What Is Escrow?
Escrow is a legal concept describing a financial instrument whereby an asset or escrow money is held by a third party on behalf of two other parties that are in the process of completing a transaction. Escrow accounts might include escrow fees managed by agents who hold the funds or assets until receiving appropriate instructions or until the fulfillment of predetermined contractual obligations. Money, securities, funds, and other assets can all be held in escrow. A similar process would be a fully funded documentary letter of credit. It is often suggested as a replacement for a certified or cashiers check.
- Escrow is the use of a third party, which holds an asset or funds before they are transferred from one party to another.
- The third-party holds the funds until both parties have fulfilled their contractual requirements.
- Escrow is associated with real estate transactions, but it can apply to any situation where funds will pass from one party to another.
Escrow is a process used when two parties are in the process of completing a transaction, and there is uncertainty over whether one party or another will be able to fulfill their obligations. Contexts that use escrow include Internet transactions, banking, intellectual property, real estate, mergers and acquisitions, and law, and many more.
Consider a company that is selling goods internationally. That company requires assurance that it will receive payment when the goods reach their destination. The buyer, for their part, is prepared to pay for the goods only if they arrive in good condition. The buyer can place the funds in escrow with an agent with instructions to disburse them to the seller once the goods arrive in a suitable state. This way, both parties are safe, and the transaction can proceed.
Escrow is typically linked to real estate, but it also extends to other financial transactions where either party seeks assurance that the transaction can be completed.
Escrow and Real Estate
Escrow accounts apply to real estate transactions. Placing the funds in escrow allows the buyer to perform due diligence on a potential acquisition. Escrow accounts also assure the seller that the buyer can close on the purchase. For example, an escrow account can be used for the sale of a house. If there are conditions attached to the sale, such as the passing of an inspection, the buyer and seller may agree to use escrow.
In this case, the buyer of the property deposits the payment amount for the house in an escrow account held by a third party. The seller can proceed with house inspections confident that the funds are there, and the buyer is capable of making payment. The amount in escrow is then transferred to the seller once all the conditions for the sale are satisfied.
Escrow and the Stock Market
Stocks are often issued in escrow.

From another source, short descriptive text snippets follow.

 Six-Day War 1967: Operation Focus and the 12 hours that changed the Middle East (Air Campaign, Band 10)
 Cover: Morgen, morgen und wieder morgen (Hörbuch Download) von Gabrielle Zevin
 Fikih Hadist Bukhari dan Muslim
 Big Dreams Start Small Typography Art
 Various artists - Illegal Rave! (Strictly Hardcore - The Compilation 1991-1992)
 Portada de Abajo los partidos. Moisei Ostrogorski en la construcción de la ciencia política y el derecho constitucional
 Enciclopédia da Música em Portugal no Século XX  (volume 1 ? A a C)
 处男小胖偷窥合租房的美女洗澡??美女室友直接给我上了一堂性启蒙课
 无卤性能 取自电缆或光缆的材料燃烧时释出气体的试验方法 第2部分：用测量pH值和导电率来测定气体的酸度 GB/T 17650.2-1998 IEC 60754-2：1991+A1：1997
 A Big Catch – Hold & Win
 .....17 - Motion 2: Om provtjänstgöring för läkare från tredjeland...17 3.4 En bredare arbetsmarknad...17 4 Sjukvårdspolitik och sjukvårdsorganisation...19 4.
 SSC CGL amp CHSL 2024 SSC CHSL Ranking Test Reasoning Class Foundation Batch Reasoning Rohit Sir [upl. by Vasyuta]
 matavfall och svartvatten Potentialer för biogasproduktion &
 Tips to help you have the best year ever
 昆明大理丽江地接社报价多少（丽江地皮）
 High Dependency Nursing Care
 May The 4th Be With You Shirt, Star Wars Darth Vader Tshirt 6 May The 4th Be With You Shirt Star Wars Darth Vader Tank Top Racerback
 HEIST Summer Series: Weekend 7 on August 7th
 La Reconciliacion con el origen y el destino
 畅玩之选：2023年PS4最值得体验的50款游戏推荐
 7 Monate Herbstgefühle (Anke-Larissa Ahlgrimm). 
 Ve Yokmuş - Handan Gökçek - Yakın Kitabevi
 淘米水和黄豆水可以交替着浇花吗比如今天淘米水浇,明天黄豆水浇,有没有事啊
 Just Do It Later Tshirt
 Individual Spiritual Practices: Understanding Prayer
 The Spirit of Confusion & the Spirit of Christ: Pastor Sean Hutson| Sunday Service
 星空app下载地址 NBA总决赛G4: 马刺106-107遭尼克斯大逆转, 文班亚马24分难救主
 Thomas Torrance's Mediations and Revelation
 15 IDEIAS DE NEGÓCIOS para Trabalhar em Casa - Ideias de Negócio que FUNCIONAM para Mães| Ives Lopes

In this case, while the shareholder is the real owner of the stock, the shareholder has limited rights when it comes to disposal of the stock. For example, executives who receive stock as a bonus to their compensation often must wait for an escrow period to pass before they can sell the stock. Stock bonuses are a tactic used to retain top executives.
Internet escrow emerged along with Internet auctions and commerce. On July 2, 2001, the U.S. California Department of Business Oversight allowed Internet escrow companies to function as a licensed class.